In Lissabon, Portugal, ist inmitten der Pandemie der Coronavirus-Krankheit (COVID-19) eine Straßenbahn zu sehen. (REUTERS/Pedro Nunes) Das Geklapper von Lissabons charakteristischen gelben Straßenbahnen hallt seit über einem Jahrhundert durch die gepflasterten Straßen, aber da immer mehr von ihnen außer Dienst gestellt werden, hat sich ein Mann auf die Mission gesetzt, die Tradition am Leben zu erhalten. In einem Lagerhaus nördlich der Stadt sammelt und restauriert Paulo Marques seit seiner ersten Anschaffung im Jahr 1996 alte, verrostete Straßenbahnen.
Als ich die erste Straßenbahn kaufte, war es den Leuten egal, aber jetzt gibt es mehr Respekt, sagte der 48-Jährige, als er in der Lagerhalle stand, die mit 13 Straßenbahnen und Ausrüstungsgegenständen gefüllt war, um sie zu reparieren.
Die Straßenbahn wurde zur Postkarte der Stadt.
Straßenbahnen transportieren seit 1901 die Lissabonner durch die hügeligen Straßen der Stadt und sind immer noch beliebt.
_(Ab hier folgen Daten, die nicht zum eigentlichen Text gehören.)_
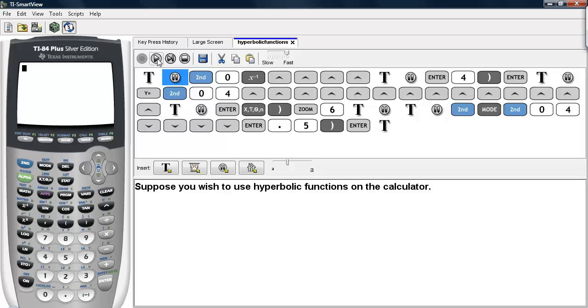Suppose you wish to use hyperbolic functions on the calculator. In order to access them, we have to go into the catalog. So we hit second and zero.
In den letzten Jahren haben sich die Einheimischen darüber beschwert, dass sie sie oft nicht für ihren täglichen Weg zur Arbeit nutzen können, weil Scharen von Touristen die kultigsten Routen erleben möchten.
Bevor ab den 1960er Jahren Busse und U-Bahn das städtische Verkehrssystem dominierten, verkehrten Hunderte von Straßenbahnen auf mehr als 100 km Gleisen. Jetzt sind es etwa 50 historisch Straßenbahnen übrig. Marques, der auch ein Straßenbahn-Restaurant in der Innenstadt von Lissabon besitzt, wurde als Junge von seinen Schulwegen süchtig.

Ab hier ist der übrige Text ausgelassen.